### Exercise:
Exactly the lines from the one containing "Snapping Turtle" through the end of the listing below are required, restated word for word and without pictures.

### Information:
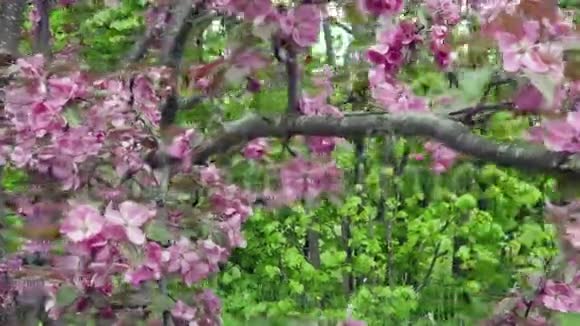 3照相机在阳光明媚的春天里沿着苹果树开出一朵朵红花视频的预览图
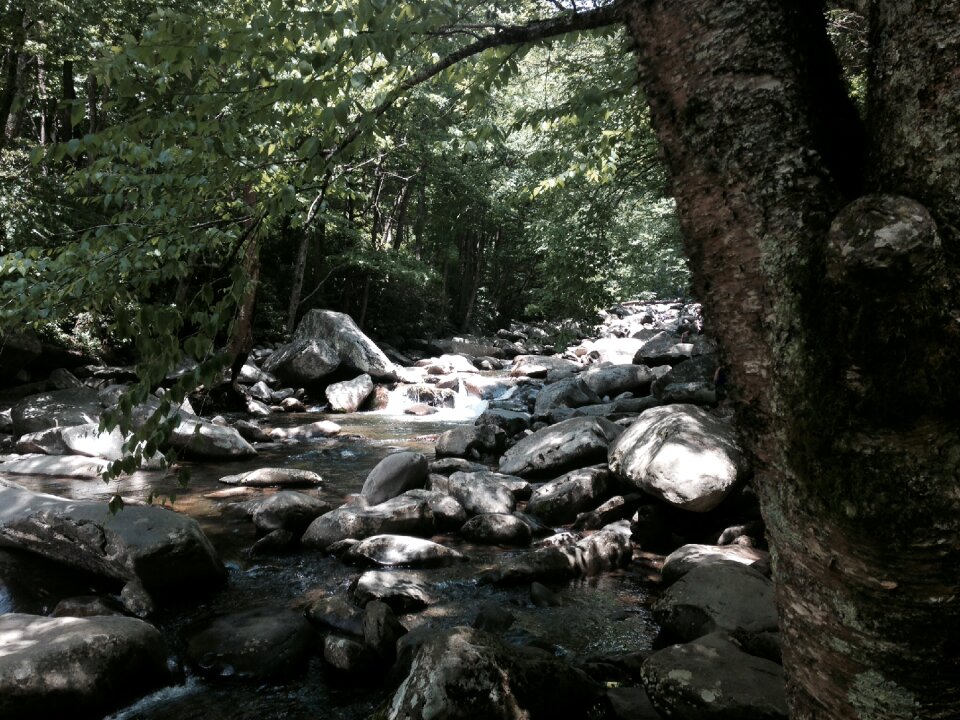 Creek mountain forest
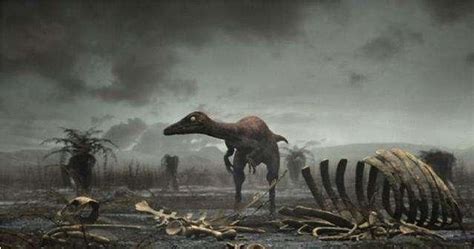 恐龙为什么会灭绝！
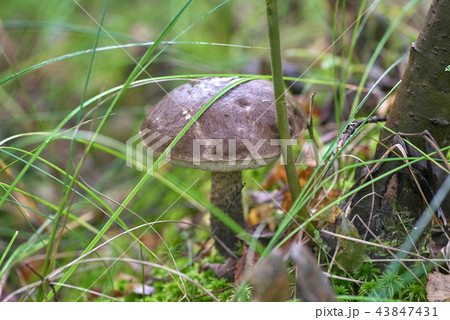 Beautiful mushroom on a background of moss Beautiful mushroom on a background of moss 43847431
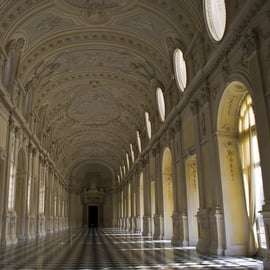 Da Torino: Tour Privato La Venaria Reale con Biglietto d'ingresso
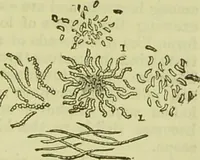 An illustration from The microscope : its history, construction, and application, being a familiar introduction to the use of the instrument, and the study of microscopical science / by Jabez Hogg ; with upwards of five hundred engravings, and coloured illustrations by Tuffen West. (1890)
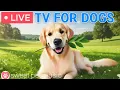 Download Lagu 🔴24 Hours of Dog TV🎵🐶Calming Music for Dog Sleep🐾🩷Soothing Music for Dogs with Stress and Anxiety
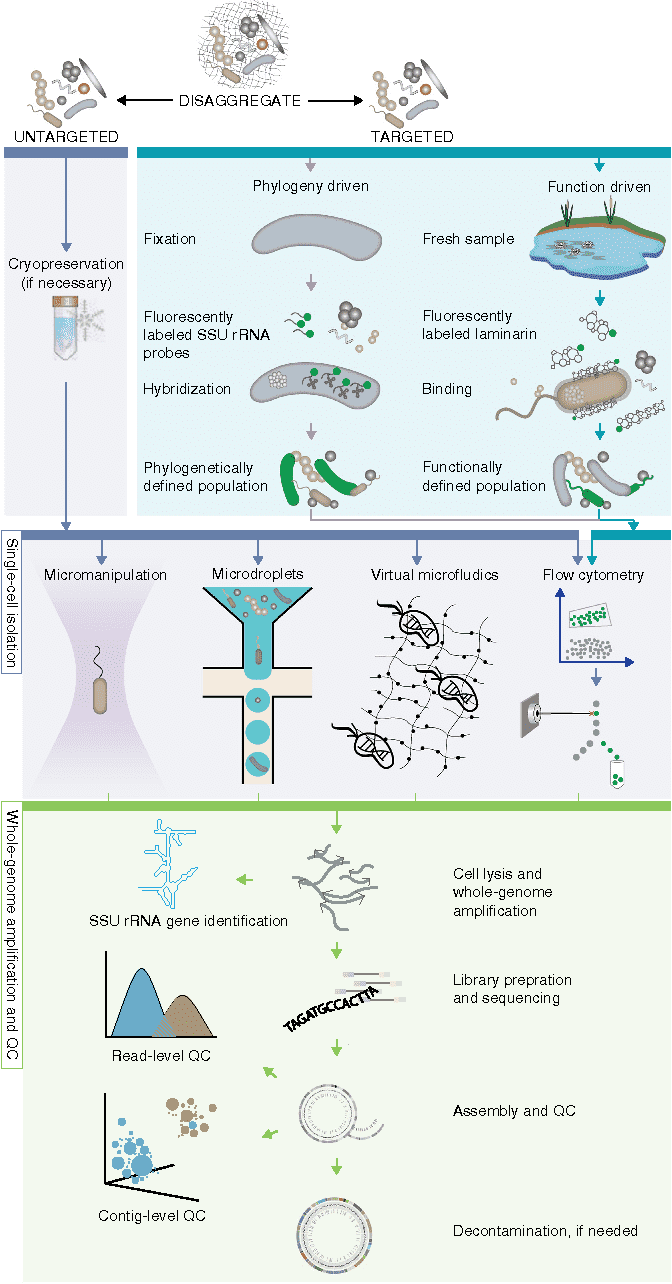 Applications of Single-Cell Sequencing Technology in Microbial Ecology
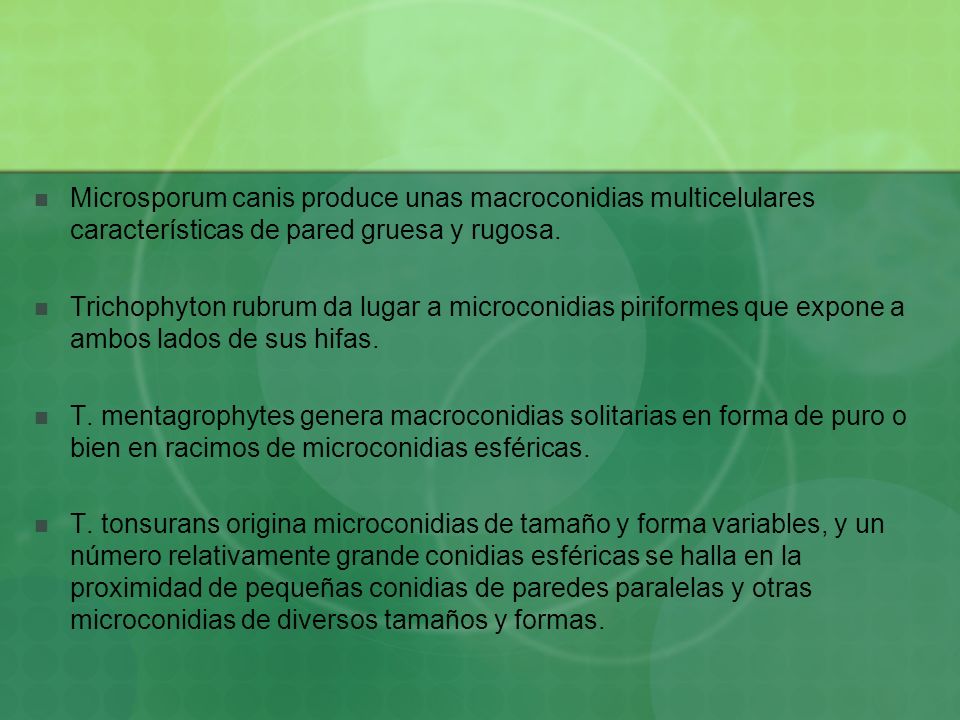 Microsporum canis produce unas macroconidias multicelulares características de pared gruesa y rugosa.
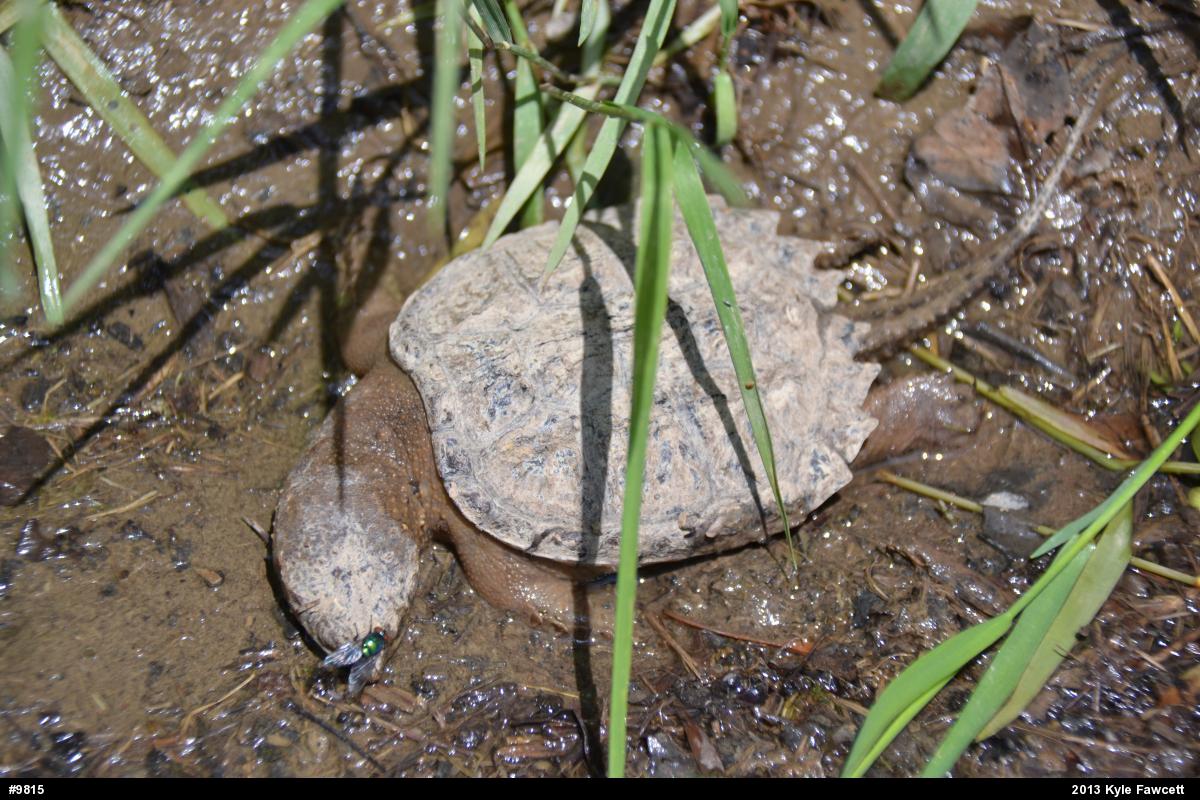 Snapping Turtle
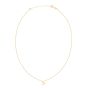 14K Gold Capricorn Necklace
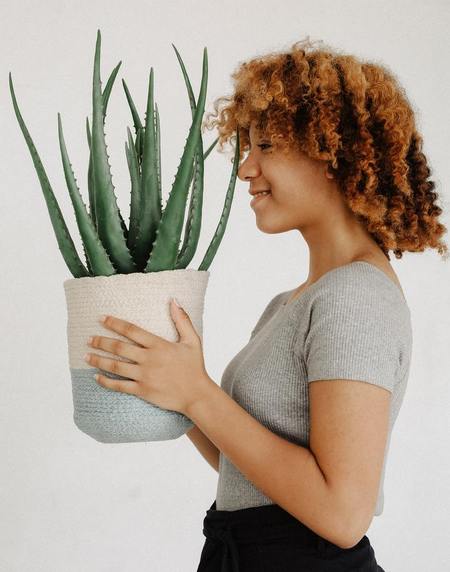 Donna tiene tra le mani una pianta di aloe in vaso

### Answer area:
 Snapping Turtle
 14K Gold Capricorn Necklace
 Donna tiene tra le mani una pianta di aloe in vaso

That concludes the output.